Drawing on twelve months of fieldwork and archival research, funded by the Wenner Gren Foundation, this dissertation brings the specificities of Austin’s energy transition to bear on current anthropological understandings of environmental governance and sociotechnical change. The energy systems entrenched in most places today both articulate with and produce different kinds of temporalities (the grid’s 60hz, the 9-5pm work week, energy assistance schedules, our expectations for the future, etc.), many of which have resulted from and continue to be imbued with the dynamics of petro-capital. These temporalities undergird the social rhythms and patterned behaviors through which we reproduce ourselves and our environments, ensuring that change is never straightforward because of the many cross-system, ecological ways that the past haunts the present. In sum: fossil fuel energy locks us in in multiple ways – beyond what can be addressed in narrow approaches to sociotechnical change. To account for this, I develop the concept of “petro- ghosts” to think about the way petro-capitalist logics, desires, and practices have and continue to shape Austin’s emergent renewable energy system, and its discontents. I also characterize the practices by which certain communities (especially those focused on energy justice) attempt to recognize and exorcize these specters by developing alternative scales and frames of analysis.

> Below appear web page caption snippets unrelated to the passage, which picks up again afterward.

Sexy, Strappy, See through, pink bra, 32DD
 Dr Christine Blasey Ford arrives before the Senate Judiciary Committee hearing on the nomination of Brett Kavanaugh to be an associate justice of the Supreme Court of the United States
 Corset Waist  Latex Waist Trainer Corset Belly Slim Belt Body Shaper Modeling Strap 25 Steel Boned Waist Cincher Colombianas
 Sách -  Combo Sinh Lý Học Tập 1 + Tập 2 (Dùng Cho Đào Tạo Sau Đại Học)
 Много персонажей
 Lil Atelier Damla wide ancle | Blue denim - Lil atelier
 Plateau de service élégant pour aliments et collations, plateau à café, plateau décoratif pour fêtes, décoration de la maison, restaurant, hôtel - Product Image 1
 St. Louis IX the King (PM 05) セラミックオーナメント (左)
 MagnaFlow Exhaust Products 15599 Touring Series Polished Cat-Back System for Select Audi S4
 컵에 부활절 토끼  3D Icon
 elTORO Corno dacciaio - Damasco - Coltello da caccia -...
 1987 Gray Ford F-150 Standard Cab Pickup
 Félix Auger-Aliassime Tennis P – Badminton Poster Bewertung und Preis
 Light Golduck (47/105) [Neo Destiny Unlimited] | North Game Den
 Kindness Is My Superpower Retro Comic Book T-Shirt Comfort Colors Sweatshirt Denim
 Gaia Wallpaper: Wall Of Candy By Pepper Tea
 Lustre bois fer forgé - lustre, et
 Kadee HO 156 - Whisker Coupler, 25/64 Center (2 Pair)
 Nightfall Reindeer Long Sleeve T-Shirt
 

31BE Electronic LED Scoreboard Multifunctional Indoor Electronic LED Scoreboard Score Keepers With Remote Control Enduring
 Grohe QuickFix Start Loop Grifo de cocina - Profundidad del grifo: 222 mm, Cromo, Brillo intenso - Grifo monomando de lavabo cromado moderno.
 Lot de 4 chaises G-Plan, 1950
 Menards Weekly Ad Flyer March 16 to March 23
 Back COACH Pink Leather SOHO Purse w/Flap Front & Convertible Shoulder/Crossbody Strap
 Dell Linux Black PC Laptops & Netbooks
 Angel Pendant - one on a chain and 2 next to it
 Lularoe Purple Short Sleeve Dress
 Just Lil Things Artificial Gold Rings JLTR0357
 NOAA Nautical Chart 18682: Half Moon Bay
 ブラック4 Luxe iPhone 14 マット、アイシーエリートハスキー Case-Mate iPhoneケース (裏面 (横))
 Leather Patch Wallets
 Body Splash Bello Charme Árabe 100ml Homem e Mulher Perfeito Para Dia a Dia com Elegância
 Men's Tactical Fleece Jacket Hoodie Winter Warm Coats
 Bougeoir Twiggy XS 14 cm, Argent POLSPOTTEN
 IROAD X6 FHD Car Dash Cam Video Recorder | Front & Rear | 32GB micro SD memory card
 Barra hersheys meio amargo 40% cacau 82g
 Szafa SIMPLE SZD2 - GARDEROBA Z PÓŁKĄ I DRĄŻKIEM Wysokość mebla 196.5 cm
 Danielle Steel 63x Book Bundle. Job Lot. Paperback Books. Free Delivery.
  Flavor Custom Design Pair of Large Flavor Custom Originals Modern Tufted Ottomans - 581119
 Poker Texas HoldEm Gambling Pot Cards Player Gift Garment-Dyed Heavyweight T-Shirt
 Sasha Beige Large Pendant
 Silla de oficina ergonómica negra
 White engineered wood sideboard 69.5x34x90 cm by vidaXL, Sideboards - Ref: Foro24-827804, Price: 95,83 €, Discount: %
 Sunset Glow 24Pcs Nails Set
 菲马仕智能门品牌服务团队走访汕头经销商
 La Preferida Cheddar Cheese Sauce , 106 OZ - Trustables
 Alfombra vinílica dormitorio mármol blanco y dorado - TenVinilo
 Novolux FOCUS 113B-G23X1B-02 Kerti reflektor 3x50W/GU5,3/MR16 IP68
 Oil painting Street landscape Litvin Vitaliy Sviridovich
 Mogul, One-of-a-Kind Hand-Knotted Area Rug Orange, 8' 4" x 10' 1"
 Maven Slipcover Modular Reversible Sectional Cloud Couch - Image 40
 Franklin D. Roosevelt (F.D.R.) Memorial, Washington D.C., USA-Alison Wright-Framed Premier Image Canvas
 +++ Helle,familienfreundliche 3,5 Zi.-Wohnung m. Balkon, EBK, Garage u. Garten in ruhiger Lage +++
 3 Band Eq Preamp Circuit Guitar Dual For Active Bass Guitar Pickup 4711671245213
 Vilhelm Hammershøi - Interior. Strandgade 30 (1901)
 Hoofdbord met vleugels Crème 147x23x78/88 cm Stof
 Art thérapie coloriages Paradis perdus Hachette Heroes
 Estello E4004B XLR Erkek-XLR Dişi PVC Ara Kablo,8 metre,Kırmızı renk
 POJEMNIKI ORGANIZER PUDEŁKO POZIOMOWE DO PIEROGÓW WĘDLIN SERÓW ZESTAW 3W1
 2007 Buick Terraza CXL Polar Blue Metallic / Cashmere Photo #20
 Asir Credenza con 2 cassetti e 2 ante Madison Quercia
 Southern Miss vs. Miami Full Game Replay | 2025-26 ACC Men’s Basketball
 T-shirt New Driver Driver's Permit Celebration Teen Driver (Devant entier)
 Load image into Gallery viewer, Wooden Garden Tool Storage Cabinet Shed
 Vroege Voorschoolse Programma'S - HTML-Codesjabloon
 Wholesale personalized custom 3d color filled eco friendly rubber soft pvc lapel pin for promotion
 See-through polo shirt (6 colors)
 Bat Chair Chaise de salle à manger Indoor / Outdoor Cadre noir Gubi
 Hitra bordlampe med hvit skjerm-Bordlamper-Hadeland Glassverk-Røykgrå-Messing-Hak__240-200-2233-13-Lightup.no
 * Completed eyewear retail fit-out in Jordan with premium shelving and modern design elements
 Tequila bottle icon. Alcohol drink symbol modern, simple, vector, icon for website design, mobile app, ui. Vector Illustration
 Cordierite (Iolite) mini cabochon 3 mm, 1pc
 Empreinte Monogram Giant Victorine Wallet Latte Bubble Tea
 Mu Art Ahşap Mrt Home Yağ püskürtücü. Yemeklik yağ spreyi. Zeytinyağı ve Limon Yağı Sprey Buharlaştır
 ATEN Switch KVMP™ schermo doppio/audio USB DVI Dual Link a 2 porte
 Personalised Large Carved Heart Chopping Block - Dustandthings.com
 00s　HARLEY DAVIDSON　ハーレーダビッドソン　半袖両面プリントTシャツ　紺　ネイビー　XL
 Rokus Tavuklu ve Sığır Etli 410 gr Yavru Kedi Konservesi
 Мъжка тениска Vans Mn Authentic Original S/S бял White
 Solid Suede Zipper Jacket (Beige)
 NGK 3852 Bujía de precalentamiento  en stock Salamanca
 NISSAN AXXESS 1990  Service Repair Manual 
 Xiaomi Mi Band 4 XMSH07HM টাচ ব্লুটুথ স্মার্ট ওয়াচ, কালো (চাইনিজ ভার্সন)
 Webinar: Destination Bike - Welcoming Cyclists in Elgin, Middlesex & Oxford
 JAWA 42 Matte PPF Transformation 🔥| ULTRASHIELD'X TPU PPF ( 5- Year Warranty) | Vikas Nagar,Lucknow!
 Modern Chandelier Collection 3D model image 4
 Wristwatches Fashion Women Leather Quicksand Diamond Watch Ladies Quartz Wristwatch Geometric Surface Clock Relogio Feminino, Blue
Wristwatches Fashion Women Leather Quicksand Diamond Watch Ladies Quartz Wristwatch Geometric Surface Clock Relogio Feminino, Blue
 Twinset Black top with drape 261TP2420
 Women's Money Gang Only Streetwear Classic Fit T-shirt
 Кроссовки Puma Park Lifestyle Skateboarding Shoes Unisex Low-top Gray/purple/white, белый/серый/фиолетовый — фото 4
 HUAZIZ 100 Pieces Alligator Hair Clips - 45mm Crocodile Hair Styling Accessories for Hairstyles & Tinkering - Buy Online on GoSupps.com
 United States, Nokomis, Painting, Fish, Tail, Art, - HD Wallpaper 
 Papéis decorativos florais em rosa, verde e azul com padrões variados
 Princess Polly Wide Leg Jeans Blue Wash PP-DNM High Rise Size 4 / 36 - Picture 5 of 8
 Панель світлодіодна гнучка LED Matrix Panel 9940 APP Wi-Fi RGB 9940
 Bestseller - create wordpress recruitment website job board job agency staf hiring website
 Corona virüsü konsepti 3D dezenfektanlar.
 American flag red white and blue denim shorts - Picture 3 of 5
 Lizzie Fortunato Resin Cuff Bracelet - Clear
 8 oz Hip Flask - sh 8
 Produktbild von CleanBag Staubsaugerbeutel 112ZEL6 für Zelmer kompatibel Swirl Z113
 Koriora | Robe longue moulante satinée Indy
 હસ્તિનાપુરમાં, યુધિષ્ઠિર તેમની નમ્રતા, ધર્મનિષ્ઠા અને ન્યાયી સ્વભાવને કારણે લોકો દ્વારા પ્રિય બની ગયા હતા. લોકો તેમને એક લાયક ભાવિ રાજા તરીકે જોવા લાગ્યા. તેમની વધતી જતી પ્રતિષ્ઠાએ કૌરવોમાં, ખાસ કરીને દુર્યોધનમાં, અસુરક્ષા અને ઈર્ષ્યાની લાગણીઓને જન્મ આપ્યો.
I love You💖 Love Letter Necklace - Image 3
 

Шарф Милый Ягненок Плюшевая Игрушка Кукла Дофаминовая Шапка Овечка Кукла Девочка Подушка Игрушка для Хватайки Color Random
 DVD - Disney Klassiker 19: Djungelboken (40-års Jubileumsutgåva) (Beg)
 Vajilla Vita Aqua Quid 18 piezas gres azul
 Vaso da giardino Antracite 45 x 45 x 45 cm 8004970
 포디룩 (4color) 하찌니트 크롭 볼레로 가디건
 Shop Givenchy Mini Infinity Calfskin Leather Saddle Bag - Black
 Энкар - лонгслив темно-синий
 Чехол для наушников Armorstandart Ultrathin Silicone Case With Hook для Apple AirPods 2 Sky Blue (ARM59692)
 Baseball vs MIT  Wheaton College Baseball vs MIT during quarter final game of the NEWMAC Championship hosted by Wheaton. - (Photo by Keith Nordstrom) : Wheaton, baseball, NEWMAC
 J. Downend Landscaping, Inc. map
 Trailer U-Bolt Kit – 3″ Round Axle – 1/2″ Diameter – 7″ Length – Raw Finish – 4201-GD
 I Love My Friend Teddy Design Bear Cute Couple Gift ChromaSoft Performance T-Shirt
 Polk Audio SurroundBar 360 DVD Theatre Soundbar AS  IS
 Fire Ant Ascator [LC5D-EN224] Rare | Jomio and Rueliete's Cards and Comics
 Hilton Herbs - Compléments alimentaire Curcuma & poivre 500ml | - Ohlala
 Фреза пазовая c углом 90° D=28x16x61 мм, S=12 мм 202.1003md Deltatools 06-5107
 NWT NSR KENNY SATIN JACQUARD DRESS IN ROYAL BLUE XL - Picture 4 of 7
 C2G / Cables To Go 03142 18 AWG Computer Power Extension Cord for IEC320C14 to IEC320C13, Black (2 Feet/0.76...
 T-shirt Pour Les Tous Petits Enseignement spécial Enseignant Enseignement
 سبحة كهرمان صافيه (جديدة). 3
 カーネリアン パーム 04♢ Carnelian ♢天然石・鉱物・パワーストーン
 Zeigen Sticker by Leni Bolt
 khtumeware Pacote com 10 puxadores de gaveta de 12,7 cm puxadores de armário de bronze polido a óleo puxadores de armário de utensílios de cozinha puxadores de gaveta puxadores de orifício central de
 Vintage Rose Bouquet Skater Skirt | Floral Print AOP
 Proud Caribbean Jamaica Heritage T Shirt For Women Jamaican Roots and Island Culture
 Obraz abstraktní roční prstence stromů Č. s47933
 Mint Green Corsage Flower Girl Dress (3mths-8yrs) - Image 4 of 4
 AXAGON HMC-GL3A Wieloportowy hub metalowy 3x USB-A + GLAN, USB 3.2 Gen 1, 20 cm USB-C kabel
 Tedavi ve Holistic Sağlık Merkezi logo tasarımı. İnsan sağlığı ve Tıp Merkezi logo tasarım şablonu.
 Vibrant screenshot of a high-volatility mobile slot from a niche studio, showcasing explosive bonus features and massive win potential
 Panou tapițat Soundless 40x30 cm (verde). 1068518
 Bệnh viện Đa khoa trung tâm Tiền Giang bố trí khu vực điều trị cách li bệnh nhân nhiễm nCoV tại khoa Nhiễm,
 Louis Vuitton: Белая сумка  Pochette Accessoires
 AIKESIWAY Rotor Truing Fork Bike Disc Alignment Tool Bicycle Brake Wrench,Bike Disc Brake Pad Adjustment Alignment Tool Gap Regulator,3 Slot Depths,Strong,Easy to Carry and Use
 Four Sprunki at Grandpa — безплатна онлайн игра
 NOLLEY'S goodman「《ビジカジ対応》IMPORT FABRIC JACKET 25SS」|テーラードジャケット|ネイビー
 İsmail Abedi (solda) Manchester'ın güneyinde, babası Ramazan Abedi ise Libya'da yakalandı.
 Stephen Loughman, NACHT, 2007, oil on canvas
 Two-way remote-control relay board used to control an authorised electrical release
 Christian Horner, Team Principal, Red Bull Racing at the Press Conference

Focusing on these divergences in data practices and infrastructures, thought styles, and rhetorical modes of expression among energy transition advocates, I identify how these influence the scales and systems that different communities deem relevant to energy transition and appropriate for organized interventions. Inversely, I also take note of the systems different communities sideline as irrelevant, invaluable, risky, or simply too inveterate to warrant their attention. I draw on this data to demonstrate how Austin’s current model of environmental governance is linked to deep seated investments in technocratic ideologies and expertise, ideologies that have attained a sense of inevitability and “realism” in the city, in part, through their sedimented influence on daily life in Austin. As a result, resistance involves a widening of the range of knowledge and expertise considered relevant to just energy transitions, and to the development of new public data capacities to uncover, recognize, and excise remnants of Austin’s petro-racial capitalist pasts. Drawing upon these knowledge production and ethical practices, I suggest the potential to bolster these efforts by adapting collaborative, community-engaged ethnographic methods towards the development of just transition strategies, for Austin and elsewhere.